Fe(ClO₄)₂ reacts with the segmental ligand 2‐{6‐[1‐(3,5‐dimethoxybenzyl)‐1H‐benzimidazol‐2‐yl]pyridin‐2‐yl}‐1,1′‐dimethyl‐5,5′‐methylene‐2′‐(5‐methylpyridin‐2‐yl)bis[1H‐benzimidazole] (L²) in MeCN to give the diamagnetic deep violet complex [Fe(L²)₂]²⁺ where the metal is pseudo‐octahedrally coordinated by two perpendicular tridentate binding units. When L² reacts with an equimolar mixture of Ln(ClO₄)₃ (Ln = La, Ce, Pr, Nd, Sm, Eu) and Fe(ClO₄)₂, electrospray‐mass spectrometric, spectrophotometric, and ¹H‐NMR data in MeCN show the selective formation of the deep red heterodinuclear C₃‐cylindrical complexes [LnFe(L²)₃]⁵⁺ where the three ligands L² are wrapped about the metal‐metal axis. Fe^II occupies the pseudo‐octahedral capping site produced by the three bidentate units and Ln^III lies in the resulting ‘facial’ pseudo‐tricapped trigonal prismatic site defined by the three remaining tridentate coordinating units. The heterodinuclear complexes [LnFe(L²)₃]⁵⁺ display spin‐state equilibrium (¹A ⇄ ⁵T) and thermochromism in MeCN between 243 and 333 K. Detailed ¹H‐NMR, UV/VIS, and magnetic measurements in solution show that the partial spin‐crossover behavior of [LnFe(L²)₃]⁵⁺ occurs for Ln = LaEu with similar thermodynamic parameters (ΔH_sc = 20–23 kJ·mol⁻¹ and ΔS_sc = 55–66 J·mol⁻¹·K⁻¹) indicating that the size of Ln^III has a negligible influence on the spin‐state equilibrium.

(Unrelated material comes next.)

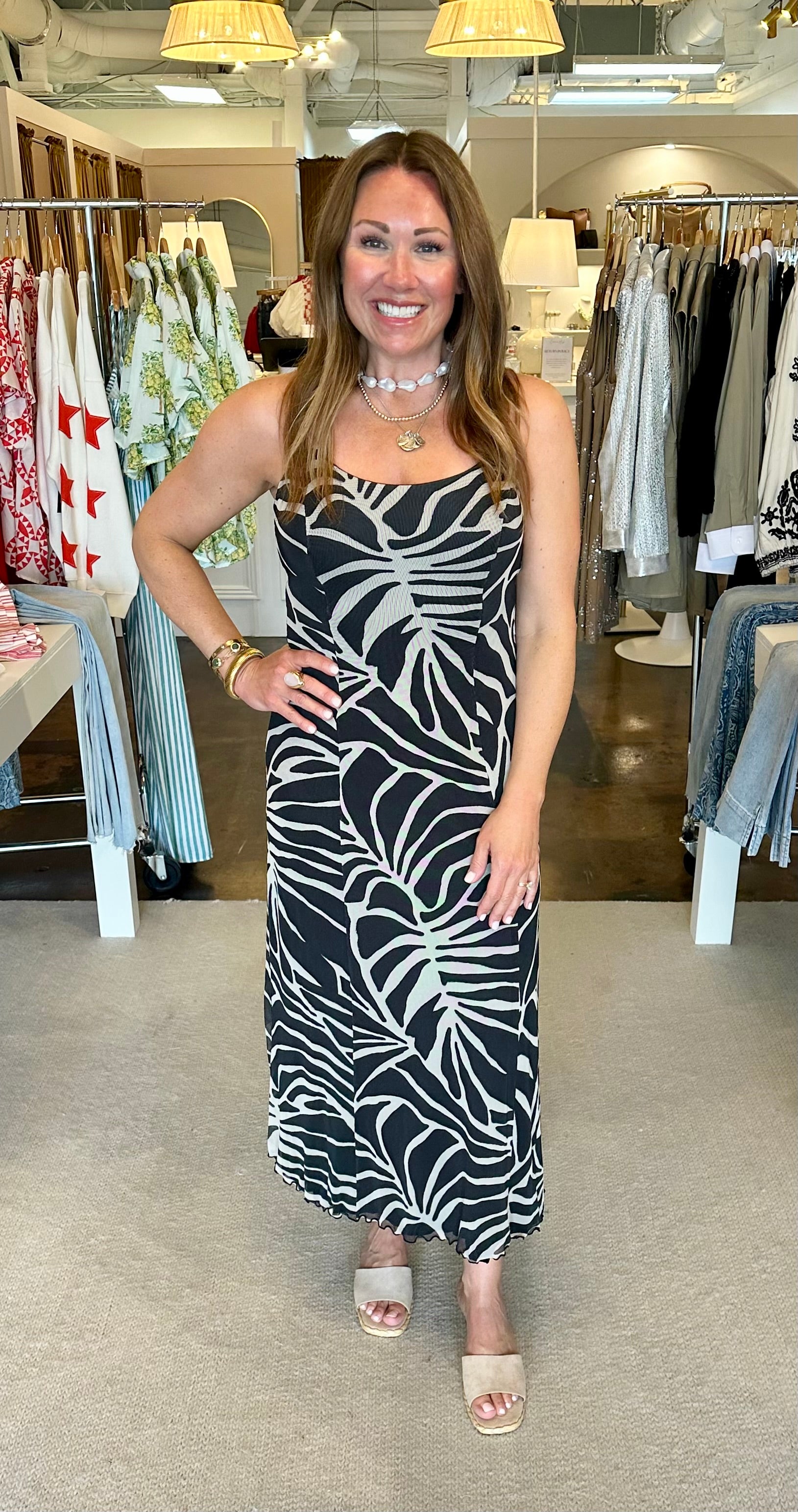 Charisma Tova Palm Midi Dress-Black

However, the smaller Ln^III ions have less affinity for the pseudo‐tricapped trigonal prismatic coordination site in the heterodinuclear complexes as demonstrated by the partial decomplexation of [YFe(L²)₃]⁵⁺ to give [Fe(L²)₂]²⁺ and the absence of the heterodinuclear complex [LuFe(L²)₃]⁵⁺ under the same conditions. The crucial role played by the sterically demanding Fe^II in the assembly processes is discussed together with the use of the efficient combination of lanthanide probes with magnetic d‐block probes for the design and investigation of luminescent and magnetic materials with controlled structural and physical properties. Photophysical measurements reveal that efficient ligand → metal and Eu → Fe energy transfer occur in [EuFe(L²)₃]⁵⁺ which strongly quench both the ligand and the Eu‐centered luminescence.